The user interface online is easy to use and navigate for the most part and the queue is the juice. You add movies to your list or queue and those movies will come to you in the order youve chosen. Its simple really, as Netflix receives your already watched movies, they pick the next on the list and mail it out. The DVDs come in the mail in what appears to be an alarmingly inadequate Tyvek sleeve tucked into a return envelope.
Exactly what crowd will garner the most from this review? Mainly the more hard-core movie fan and videophile. If you are a big fan of $129 27" TVs and $29 DVD players from Wal-Mart, some of this review will go right over your head. If you think HDTV means Heavy Duty TV, this really isn't up your alley.

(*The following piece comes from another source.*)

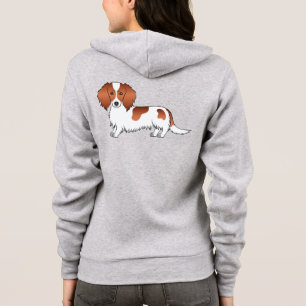Moletom Cachorro de Cartoon de Cabelo Longo Vermelho Pieba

Netflix Fast Facts: Looking at older reviews for Netflix a lot of the details have changed. So for 2006 here are some interesting tidbits on just how huge Netflix has become.
- Netflix boasts 37 separate shipping facilities or warehouses. They claim 92% of subscribers are only one shipping day away from them.

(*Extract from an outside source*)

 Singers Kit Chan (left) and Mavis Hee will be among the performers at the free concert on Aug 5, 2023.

- They claim to carry 55,000 titles with a total of 42 million DVDs on hand
- Netflix distributes one million DVDs per day
10 things to Love about Netflix:
1.Its the depth of the catalog. Currently, Netflix carries 55,000 titles. Thats a lot of fun for so many reasons. Virtually every indie flick, every corny 80s TV show, everything that flopped at the box office, its all here.
2. Reviews! Yeah baby, all kinds of reviews, scrolling down reveals all the reviews from working slobs across the country. Off to the side, there are reviews from top critics in the US and I like having quick access to both.
3. Technical info like aspect ratio, soundtrack, running time and ratings are given. Although some of the technical data is inaccurate or simply not there at times.
4. Ratings by you: You can rate any movie on your screen whether youve rented it or not. And its fast, if you choose to rate, its done without ever leaving your current page, a big plus for those still on dial-up. Those ratings give the rest of the community a good sense of how good or bad a movie is. Its also used to recommend other movies for you based on what you rate and how you rate.
5. Netflix is a good communicator: Netflix is always telling you something or asking you something. They tell you via e-mail that they are currently receiving whatever title you just returned or asking you to rate recent picks. Online Netflix is always telling you what just shipped out, what you should have at home, and whats coming up to bat.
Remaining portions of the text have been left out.